See an 'edit' below:

On 12/21/2013 11:44 AM, Ken Causey wrote:
> I wish I could provide a TLDR, but really I ask you to try to persist in
> reading through this.  I think, more than I originally expected when I
> started to write this, that it contains a fair amount of my philosophy
> regarding the maintenance of the Squeak servers and services.  It
> certainly turned out much longer than I expected and could use an editor.
>
> Back to the original email:
>
> I mentioned in my recent email about an issue with squeaksource.com that
> it helps if those who know give guidance to everyone else about easy
> things that can be done to fix issues and how to make decisions about
> what to do.
>
> In that vein I will do my best to provide the same for
> source.squeak.org.  Presumably much of this is also true for
> squeaksource.com but I'm not going to assume it.
>
> So the scenario is this: source.squeak.org is unresponsive or the page
> does not render in full; the first is much more common.
>
> First, because it has happened before, you need to ensure the problem is
> not at a higher/later level, that is that it is not a problem with
> Apache on the box2 server.  The easiest way to do this is to check any
> other service, perhaps most other services, that run on box2 and see if
> they are working OK or not.
>
> Here is a list (probably not exhaustive):
>
> bugs.squeak.org (Apache/FastCGI PHP)
> www.squeak.org (Apache/AIDA Squeak)
> lists.squeakfoundation.org (Apache/C & Python CGI)

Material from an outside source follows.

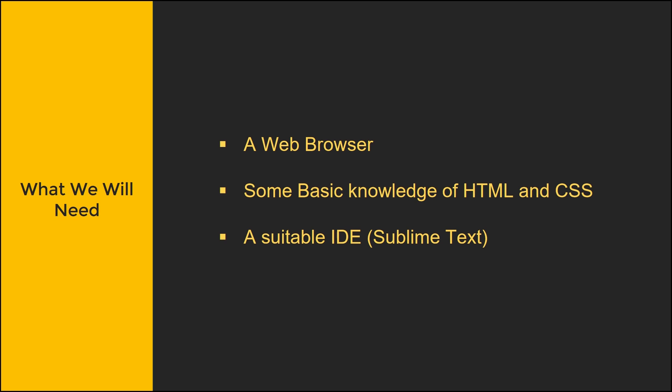So what will we need for this course? Well, you're going to need a web browser, either Chrome or Firefox. Those two will probably suffice, that's the two I use. But I'll be using Firefox in this course in particular.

> ezmlm.squeak.org (Apache, defunct but still exists)
>
> The last two are notable in that they rely on very little outside of
> Apache to work.  If Apache is working but those services are not working
> then the server is in bad shape indeed.
>
> So in brief if you go to ezmlm.squeak.org and get a page that says:
>
> Some old Mailing Lists
>
> Click Here for List Archives and Information
>
> and you can click the second line and get a list of defunct/dead mailing
> lists then Apache is probably not the source of the problem.
>
> If Apache is not working then the thing to do is:
>
> sudo /etc/init.d/apache2 restart
>
> If this gives a problem, or just doesn't work (be patient) then
>
> sudo /etc/init.d/apache2 stop
>
> Note the message printed and wait a moment, if it appears to have
> stopped fine then
>
> sudo /etc/init.d/apache2 start
>
> Again wait a moment, and then check ezmlm.squeak.org again.
>
> If this is is still not working then I guess it is time to reboot the
> server.  However, I would ask that you really only do this as a last
> resort and that you not do so as a quick decision.  First email
> box-admins, feel free to Cc me directly if you want.  Wait some time, 30
> minutes, an hour, two hours.  You can make your own judgment call on
> that.  I have and it's not always consistent.
>
> The point is that I or someone else may want to look at the situation
> first if only for information gathering purposes.  Ultimately restarting
> the server once or twice without waiting for others to chime in is not
> going to get you in any trouble.  A history of it is likely to start to
> annoy me, I assume it would annoy others as well.  The reasoning is that
> while the system is in its broken state there is the possibility of
> gathering information about the problem that is not recoverable, at
> least not easily, once the system has been rebooted.
>
> OK but if rebooting is the answer then it is simply
>
> sudo reboot
>
> Be aware that the server does tend to take multiple minutes (It has been
> a while, I remember it seems like a long time, I don't remember how long
> it really tends to be) to be responsive again.  My habit after I have
> been booted off the server is to
>
> ping squeak
>
> And you say 'Huh'?
>
> Yeah, this is beginning to digress, but I will persist nonetheless.  For
> my own convenience some time ago I modified my /etc/hosts file. (Clearly
> we are getting off into the bushes and this is only directly applicable
> if you run Linux and friends locally, if you run MacOSX this may still
> apply to you pretty closely, but I don't know.  Those of you on Windows:
> the fundamental facts are all true but the details have been changed.
> Google it.)
>
> $ cat /etc/hosts
> <snip>
> # utility
> 85.10.195.197    squeak
> 173.246.101.237 box3
> 173.246.104.42  box4
> <snip>
>
>  From the naming pattern you can guess that I started this before box3
> and box4 existed.  If you choose to do the same you can use any names
> you like, just don't mask any names used in your local network if there
> are any.
>
> Back to the point at hand:
>
> ken at neue:~$ ping squeak
> PING squeak (85.10.195.197) 56(84) bytes of data.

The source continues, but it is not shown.